Wisconsin legislature passes bill to allow bond issue to bail out day care center.

CHICAGO -- The Wisconsin Legislature last week passed a measure that would allow the issuance of tax-exempt revenue bonds to help a day care center pay off a bank loan.

While the bill targets one day care center located in a Milwaukee suburb, state lawmakers said the measure could help several other centers in the state. In addition, municipal market observers have said that lawmakers could later broaden the measure to assist nonprofit organizations in financing day care centers.

The legislation is designed to enable the nonprofit New Berlin Child Care Center Inc., which had difficulty raising private donations, to pay off a short-term bank loan of $1.14 million, according to Gregory Ksicinski, the center's treasurer.

Gov. Tommy Thompson is expected to sign the bill into law in the next few weeks, according to a press release issued by Assistant Senate Majority Leader Margaret Farrow, R-Elm Grove, a primary sponsor of the bill.

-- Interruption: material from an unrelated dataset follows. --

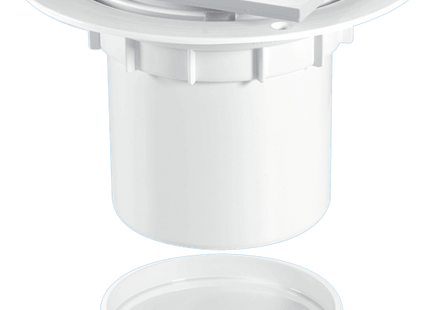 McAlpine TSG2T6WH 75mm Water Seal Gully with Vertical Outlet for Tiled or Stone Floors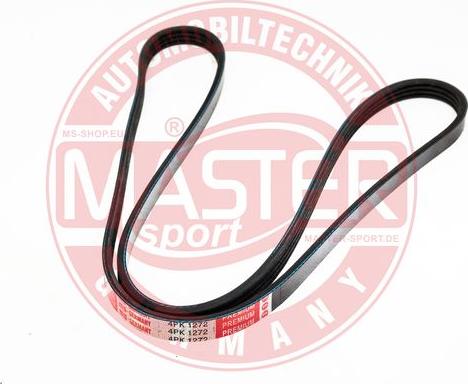 MASTER-SPORT GERMANY 4PK1272-PCS-MS - Courroie trapézoïdale à nervures cwaw.fr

A spokeswoman for Thompson did not return phone calls.

The legislation would authorize the Wisconsin Health and Educational Facilities Authority or municipalities to serve as conduit agencies to issue bonds for eligible tax-exempt child care providers that are located in industrial parks. Currently, the health authority can only issue bonds to enable health-care facilities or higher education institutions to build child care centers.

Under the legislation, bond proceeds could be used to finance new child care centers or to refinance outstanding debt of an eligible child care provider.

The New Berlin center, which is located in the state's largest industrial park, hopes to issue between $1.2 million and $1.3 million of bonds by the end of the year, Ksicinski said. The center's board of directors has not decided whether the bonds will be privately placed or sold to the general public, Ksicinski said.

Larry Nines, executive director of the health and educational facilities authority, said that the issuance of bonds could give the center a 250-to-basis-point 400-break on interest rates compared with a bank loan.

Tim Tully, a former New Berlin mayor who championed construction of the New Berlin Child Care Center while in office, said that center officials had hoped to pay off the $1.14 million bank loan with private donations. However, several grants from private foundations were substantially less than anticipated, forcing the center to seek other sources of funding.

Farrow has said that the measure would enable the New Berlin center to restructure the payment of its obligation. Revenues and enrollment at the center are healthy enough to pay off any bonds that would be issued, Farrow said.

The measure, if signed into law, would expire on March 31, 1994. Lester Bagley, a spokesman for Farrow, said that Farrow would consider proposing legislation extending the expiration date to assist other day care centers.

The New Berlin Child Care Center is open to the general public and is licensed to serve 144 children ages six weeks to 11 years, Tully said.